When Russia invaded Ukraine in February 2022, American environmentalist and writer Bill McKibben pitched an idea to sap Russia’s power by drying up the market for its oil and gas. Heat Pumps for Peace and Freedom, he named the proposal, which called on President Biden to use his wartime emergency powers to ramp up manufacturing of electric heating appliances so that households could replace their fossil fuel-based furnaces.
Remarkably, Biden obliged. Just a few months later, he authorized the use of the Defense Production Act to expand American manufacturing of electric heat pumps, deeming them essential to national security. Now, a year and a half later, money is finally going out the door. On Friday, the Department of Energy announced $169 million in grants for nine companies that will invest in projects to boost domestic production of heat pumps.
“More than 40% of all U.S. [energy] consumption comes from homes, offices, schools, other buildings,” said Department of Energy Secretary Jennifer Granholm during a virtual event promoting the projects on Friday. “The problem is that we rely heavily on other countries for the oil and gas that heat and cool these buildings, and transitioning to American-made heat pumps makes us more secure.”

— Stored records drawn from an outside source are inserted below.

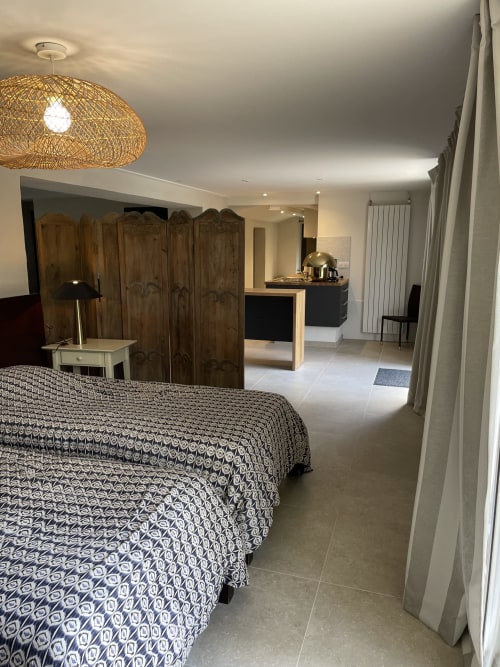 Chambre loft moderne aux Pratges B&B à Figeac avec lits jumeaux, armoire en bois et coin cuisine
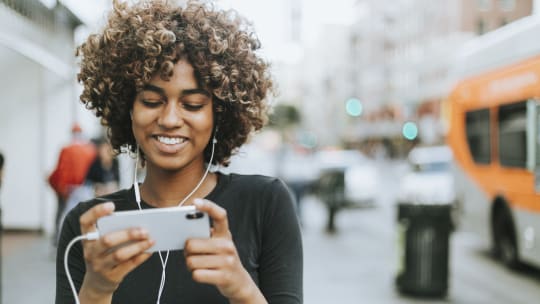 Woman watching video on her phone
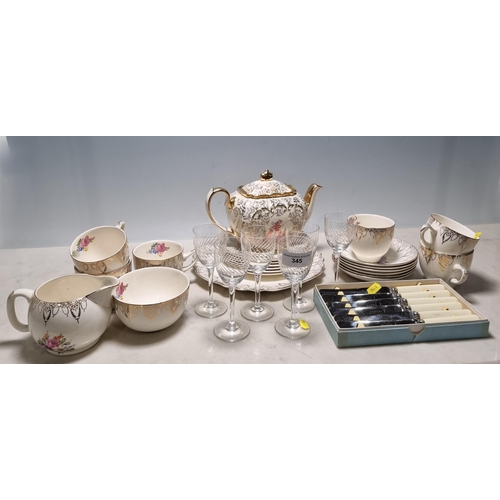 345 - A Swinnertons 'Golden Rhapsody' part Tea Set including Teapot, Cups, Saucers, Plates, etc, a set of ... 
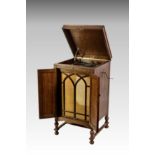 A oak cased free standing " His Masters Voice " model 163 cabinet gramophone, lacking sound box, the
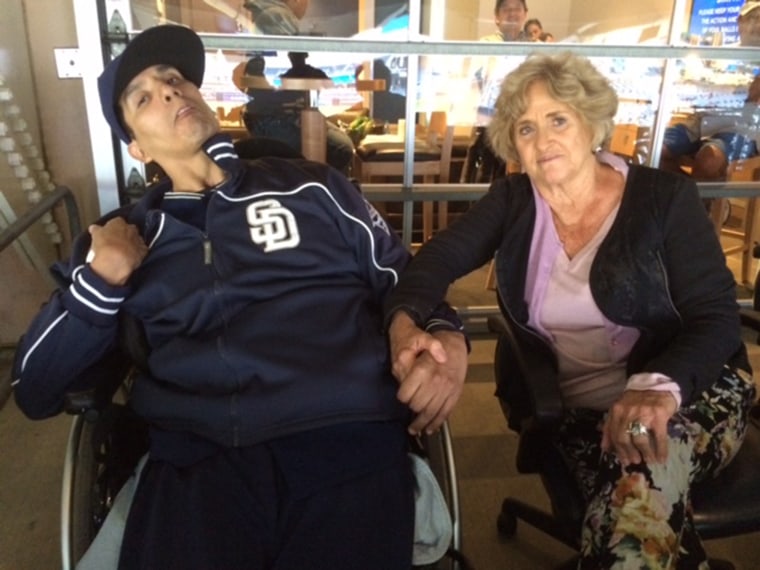 Image:  Matt LaChappa sits with Priscilla Oppenheimer, the longtime director of minor league operations for the San Diego Padres.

Granholm also noted that some 40% of heat pumps purchased here are made in China. “Today’s announcement means that we can chip away at that market and put America on a path to dominating it,” she said.
The manufacturing grants will ensure there’s supply to meet growing demand for heat pumps spurred by the Inflation Reduction Act, which created a number of incentives for building owners to install them. Many states are also creating their own programs and incentives to spur heat pump adoption as part of their climate plans.

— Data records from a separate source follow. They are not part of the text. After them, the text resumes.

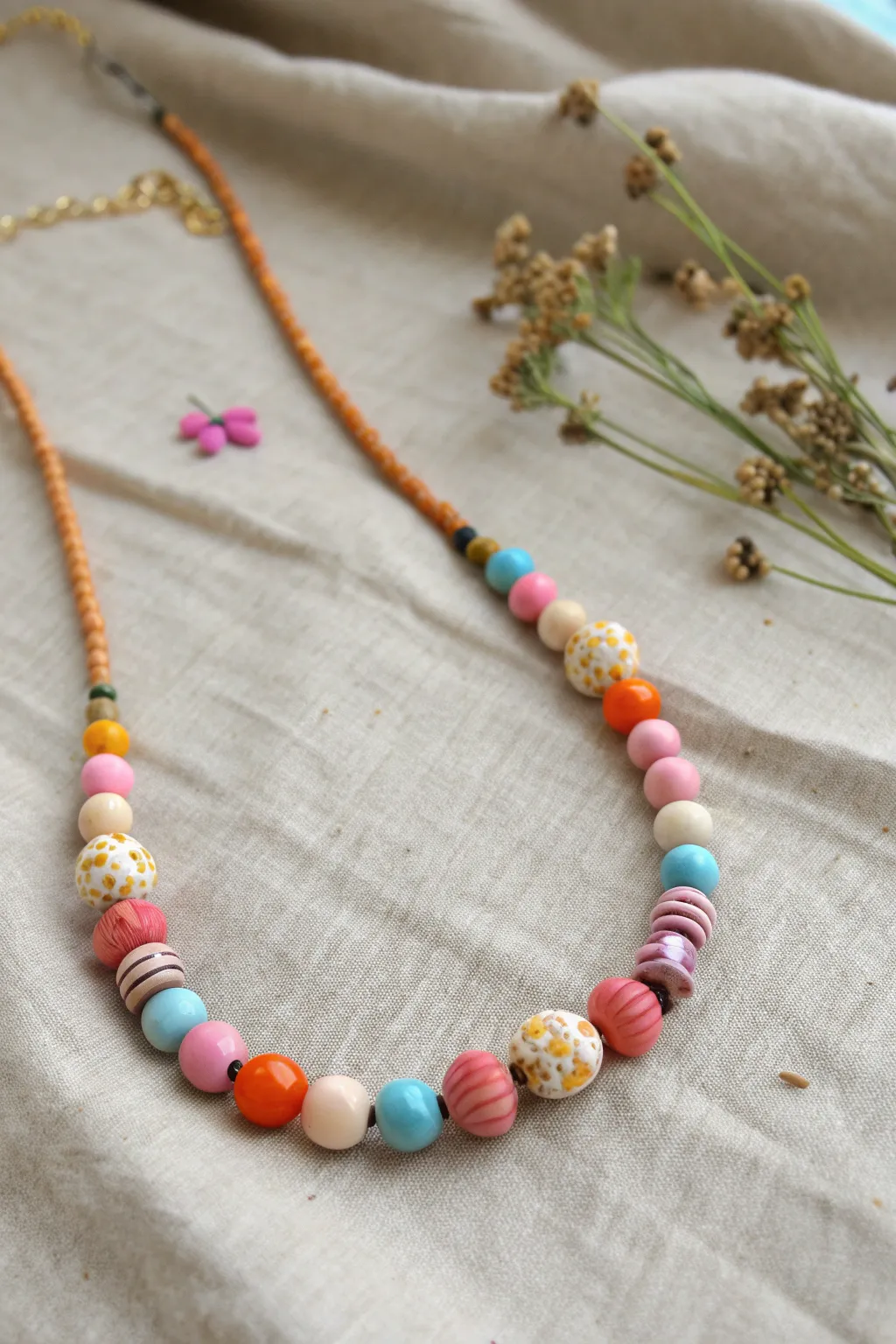 Embrace the charm of asymmetry with this bold and beautiful pony bead necklace.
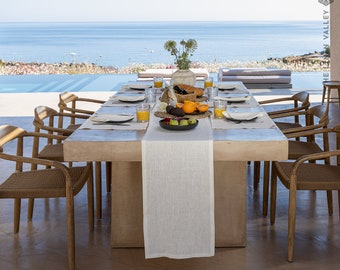 May include: A long, rectangular, light brown wooden table with a white linen tablecloth and a white runner. The table is set with plates, glasses, and cutlery. There are also bowls of fruit and a plate of food on the table. The table is in front of a large window with a view of the sea. The text "THE ZEN VALLEY" is visible in the upper right corner of the image.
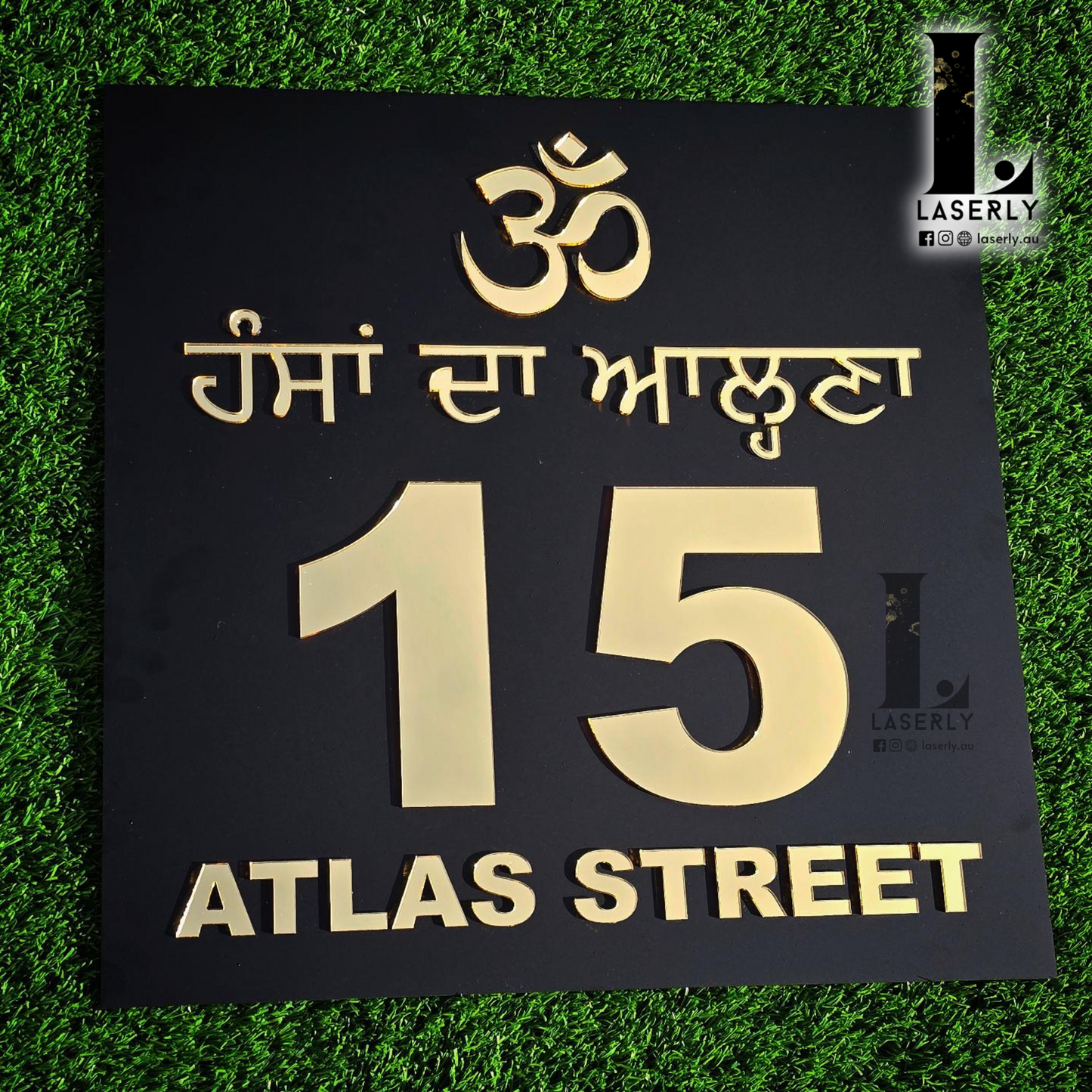 Personalized Punjabi-style OM number sign on a contemporary house wall.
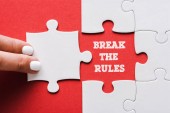 top view of woman touching jigsaw near break the rules lettering and connected white puzzle pieces and idea lettering on red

“This is meeting demand that’s taken off all across the country,” said White House national climate advisor Ali Zaidi during the event, noting that a coalition of governors have collectively set a goal to deploy 20 million heat pumps by 2030. “That’s a massive expansion.”

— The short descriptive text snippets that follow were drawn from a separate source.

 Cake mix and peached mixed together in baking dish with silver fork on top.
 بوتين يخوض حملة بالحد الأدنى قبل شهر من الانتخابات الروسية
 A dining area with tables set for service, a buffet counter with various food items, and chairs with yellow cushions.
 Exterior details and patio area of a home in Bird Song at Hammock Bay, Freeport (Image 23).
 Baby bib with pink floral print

The projects span 13 states and support a range of technologies. The largest grant, at $50 million, went to Mitsubishi to build a new factory in Kentucky that will make “variable capacity compressors,” which are essential components in the best performing, most efficient heat pumps on the market. Honeywell received $15 million to expand one of its existing facilities in Louisiana to increase annual production of a refrigerant that has a lower global warming potential than what’s used in many existing models.
A $17.5 million grant is going to a startup called Gradient to build its first factory in Detroit, Michigan, with a capacity of 100,000 units per year. Gradient specializes in producing heat pumps that can be installed in the window, similar to an air conditioner, and don’t require an electrician or plumber. The company was also selected by New York state to supply heat pumps for New York City’s public housing.
A company called Johnson Controls plans to use a $33 million grant to retrofit three of its factories in Kansas, Texas, and Pennsylvania, to increase the number of and types of heat pumps it produces. It anticipates producing more than 200,000 heat pumps per year, “an enormous increase” over the company’s 2023 production, according to the Department of Energy.
The grants will also support the production of different kinds of heat pumps. A company called Armstrong International based in Michigan will build a new facility to manufacture industrial versions that can produce the high heat needed to replace natural gas boilers in food manufacturing and paper and pulp plants. This can reduce the energy use associated with industrial heating by up to one third, according to one estimate, cutting emissions by 30 to 43 million tons per year.
Granholm said the grants would bring down the cost of heat pumps by boosting supply. It can cost homeowners anywhere from a few thousand dollars to upwards of $20,000, even with federal and state incentives, to swap out a natural gas boiler for a heat pump — a major impediment to wider adoption.
Stephen Pantano, the head of market transformation at Rewiring America, a nonprofit that advocates for electric appliances, was optimistic that the grants would help. “If you’re working with a domestic supplier, there’s an incentive for the builder and the component supplier to align and work together on product design and make products that are better suited for the U.S. market,” he said. “You also don’t have import duties and shipping costs and a lot of the other stuff that you have to deal with when you’re sourcing things internationally,” he said.
The grants are also expected to spur an estimated 1,700 jobs at the manufacturing facilities, as well as deliver investments to community colleges and apprentice programs for workforce development.
The Department of Energy said it plans to issue another round of Defense Production Act grants in the new year. The heat pump manufacturing boom is officially underway.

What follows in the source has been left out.